Phase 1 — Discovery & Documentation

Goal: document what exists before changing anything.

  • Audit all Kafka topics across PK, BD, NP, IQ, EG environments.
  • For each topic, record: name, producer service(s), consumer group(s), partition count, average throughput (msg/s), message format, retention policy.
  • Identify ordering dependencies (topics where partition key matters).
  • Output: a Kafka inventory spreadsheet/table — this is the migration source of truth.

Phase 2 — NSQ Topic Naming Convention

All NSQ topics follow: {domain}.{event}.{version}

Examples: - payin.transaction.completed.v1 - payout.transfer.initiated.v1 - remittance.quote.created.v1 - card.authorisation.approved.v1

Channels map to consumer groups: {consuming-service}-{purpose} e.g., ledger-service-reconciliation, notification-service-alerts

Phase 3 — Deploy NSQ Alongside Kafka

  • Deploy nsqd on each service host (co-located with producers/consumers).
  • Deploy 3x nsqlookupd instances for topic discovery.
  • Deploy nsqadmin for operational visibility.
  • Configure nsq_exporter to push metrics to Grafana.
  • Validate: publish test messages, confirm delivery through nsqlookupd.

Rollback: tear down NSQ components. Kafka unaffected.

Phase 4 — Dual-Write

  • Modify producers to write to both Kafka and NSQ simultaneously.
  • NSQ messages use the standard envelope (see Message Format below).
  • Monitor: compare message counts between Kafka and NSQ for each topic.
  • Duration: minimum 2 weeks per market, longer if discrepancies found.

Rollback: disable NSQ writes in producer config. Kafka continues unchanged.

Phase 5 — Consumer Migration

Migrate consumers one service at a time, lowest-risk first:

  1. Notification consumers (non-critical, idempotent).
  2. Audit/logging consumers.
  3. Reconciliation consumers.
  4. Core transaction processing consumers (highest risk, last).

For each consumer: - Switch from Kafka consumer to NSQ subscriber. - Verify: message processing rate, error rate, latency. - Keep Kafka consumer running in shadow mode for 1 week. - Disable Kafka consumer after verification.

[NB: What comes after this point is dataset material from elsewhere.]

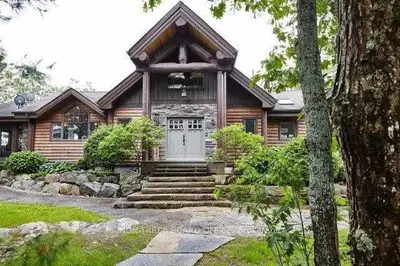 91 Spur 4, Trent Lakes, On K0l 2j0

Rollback: re-enable Kafka consumer, disable NSQ subscriber.

Phase 6 — Verification & Cutover

  • Confirm all consumers are on NSQ with zero Kafka dependencies.
  • Compare metrics: message throughput, p99 latency, error rates.
  • Disable Kafka producers (dual-write off).
  • Monitor for 1 week post-cutover.

Phase 7 — Decommission Kafka

  • Remove Kafka client libraries from services.
  • Tear down Kafka brokers and ZooKeeper nodes.
  • Archive Kafka configuration for reference.
  • Update infrastructure-as-code to remove Kafka resources.

Message Format

Standard JSON envelope for all NSQ messages:

{
  "eventType": "payin.transaction.completed.v1",
  "timestamp": "2026-04-03T14:30:00Z",
  "traceId": "abc123-def456-ghi789",
  "source": "payin-service",
  "payload": { ... }
}

All fields are mandatory. traceId links to OpenTelemetry distributed traces.

Delivery Guarantees

  • At-least-once delivery. NSQ guarantees a message is delivered at least once.
  • Consumers MUST be idempotent. Use traceId or a business-level idempotency key to deduplicate.
  • Max-in-flight: configure per consumer based on processing capacity. Start with 5, tune upward.
  • Failure handling: exponential backoff with jitter. NSQ requeues failed messages automatically.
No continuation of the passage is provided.